Machine Learning (ML) is an application or methodology to analyse input data and then predict an output value using statistical analysis. It is getting popular in finance and the investing industry. The basic idea of ML in investing is feeding all available data to a computer and let the algorithm learn the relationship between the data and stock price movement.
Traditionally, finance and economics data have been analysed statistically to find their relationships with KLCI. Recently, all other variables which are indirectly or not related to KLCI such as weather, traffic conditions, concert ticket sales, celebrity news and others, have been included in the ML algorithm.

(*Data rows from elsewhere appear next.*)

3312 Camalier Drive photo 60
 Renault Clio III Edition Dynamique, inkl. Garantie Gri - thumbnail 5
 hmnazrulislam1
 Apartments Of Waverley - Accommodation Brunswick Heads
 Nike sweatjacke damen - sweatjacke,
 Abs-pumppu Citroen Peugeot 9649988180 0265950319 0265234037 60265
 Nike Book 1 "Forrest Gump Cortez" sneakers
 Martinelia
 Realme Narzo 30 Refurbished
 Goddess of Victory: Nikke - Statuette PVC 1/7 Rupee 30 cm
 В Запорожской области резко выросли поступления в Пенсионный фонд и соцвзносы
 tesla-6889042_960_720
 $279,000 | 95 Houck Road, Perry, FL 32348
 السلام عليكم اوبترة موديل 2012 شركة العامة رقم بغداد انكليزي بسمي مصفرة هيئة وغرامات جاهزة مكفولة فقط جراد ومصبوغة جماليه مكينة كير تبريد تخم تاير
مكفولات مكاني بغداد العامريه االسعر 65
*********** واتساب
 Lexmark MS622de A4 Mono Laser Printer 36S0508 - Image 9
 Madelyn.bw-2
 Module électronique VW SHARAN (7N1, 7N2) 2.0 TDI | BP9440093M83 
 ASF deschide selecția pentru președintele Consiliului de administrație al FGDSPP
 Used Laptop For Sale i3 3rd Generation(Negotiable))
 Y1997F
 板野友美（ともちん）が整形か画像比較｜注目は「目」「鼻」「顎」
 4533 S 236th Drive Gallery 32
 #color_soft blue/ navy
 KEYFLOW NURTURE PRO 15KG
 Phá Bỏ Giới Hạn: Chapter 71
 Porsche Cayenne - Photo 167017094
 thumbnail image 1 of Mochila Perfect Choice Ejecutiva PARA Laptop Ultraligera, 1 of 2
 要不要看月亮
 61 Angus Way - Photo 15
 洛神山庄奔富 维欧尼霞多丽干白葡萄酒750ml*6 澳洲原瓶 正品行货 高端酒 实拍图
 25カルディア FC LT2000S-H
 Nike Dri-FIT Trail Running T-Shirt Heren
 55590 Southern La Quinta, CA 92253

Let’s do a simple experiment, using Google Trend data to predict Kuala Lumpur Composite Index (KLCI). Three search-terms – “Malaysia”, “1MDB”, and “KLCI” were selected. The popularity of each search-term over time were plotted together with KLCI. Chart 1 is search-term “Malaysia” and KLCI; Chart 2 is search-term “1MDB” and KLCI; while Chart 3 is search-term “KLCI” and KLCI.
Based on a cursory inspection, Charts 1 and 2 do not reveal
any strong relationship between search-term and KLCI movement. Although there was a sharp drop in KLCI when
the popularity of “1MDB” surged in Aug 2015, the subsequent surge did not move
KLCI drastically. Chart 3, on the other
hand, is more interesting as each time the popularity of search-term “KLCI”
peaked, the KLCI tend to reverse its downtrend movement.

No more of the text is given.